AgentSkillsCN

collab-evals

运行协作式/多智能体评估场景(符号RLM、大上下文、暂停/恢复、数小时的检查点),并记录有据可查的证据。

SKILL.md
--- frontmatter
name: collab-evals
description: Run collab/multi-agent eval scenarios (symbolic RLM, large-context, pause/resume, multi-hour checkpoints) and capture manifest-backed evidence.

Collab Evals

Use this skill to run repeatable collab evaluation scenarios and record evidence.
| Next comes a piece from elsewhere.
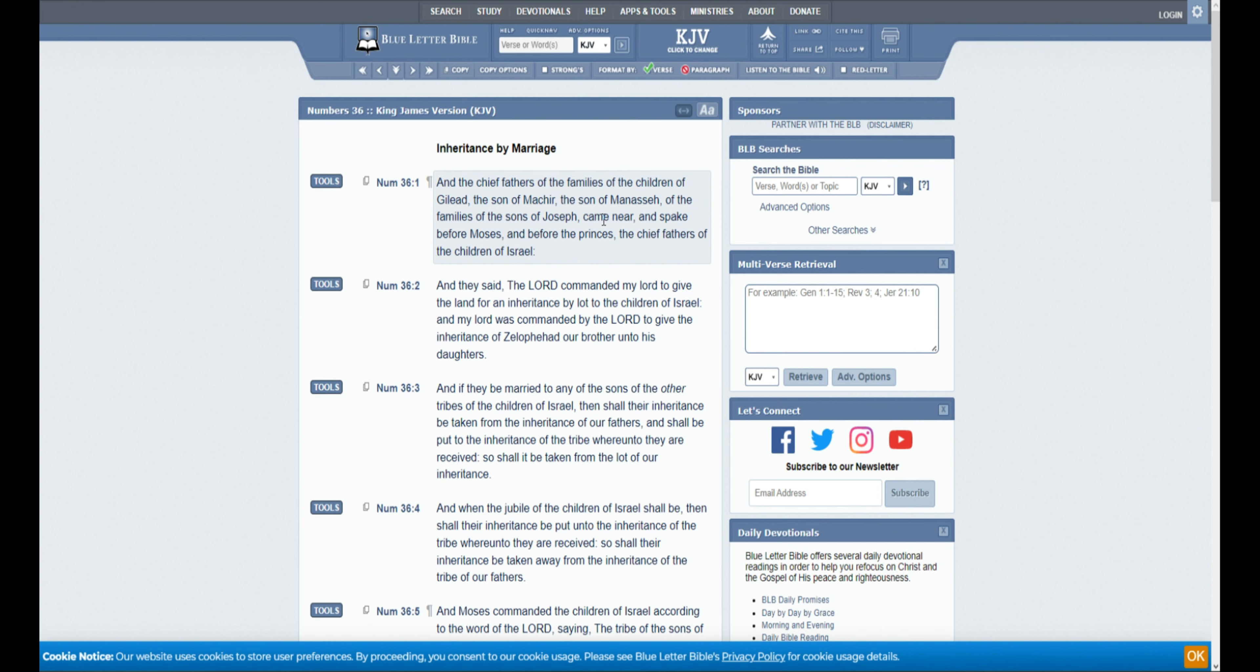Good morning, everyone. Let's get right into the Word of God. Today we're going to be reading Numbers chapter 36.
Keep scope to evals; do not implement unrelated fixes.

Quick start

  1. Pick the scenario(s):
  • Large-context symbolic RLM with collab subcalls.
  • Multi-hour refactor with checkpoints.
  • 24h pause/resume context-rot regression.
  • Multi-day initiative (48–72h) with multiple resumes.
  1. Ensure task context:
  • export MCP_RUNNER_TASK_ID=<task-id>
  1. Run the scenario using codex-orchestrator start <pipeline> --format json and record the manifest path.

Evidence checklist

  • Manifest path under .runs/<task-id>/cli/<run-id>/manifest.json.
  • Log path under .runs/<task-id>/cli/<run-id>/runner.ndjson.
  • Findings recorded in docs/findings/<date>-<topic>.md.
  • Task mirror update in docs/TASKS.md and task spec.

Guardrails

  • Collab is additive; keep MCP as the control plane for approvals and audit trails.
  • Cap collab event capture with CODEX_ORCHESTRATOR_COLLAB_MAX_EVENTS when needed.
  • If pause/resume is required, use control endpoints or codex-orchestrator resume with manifest evidence.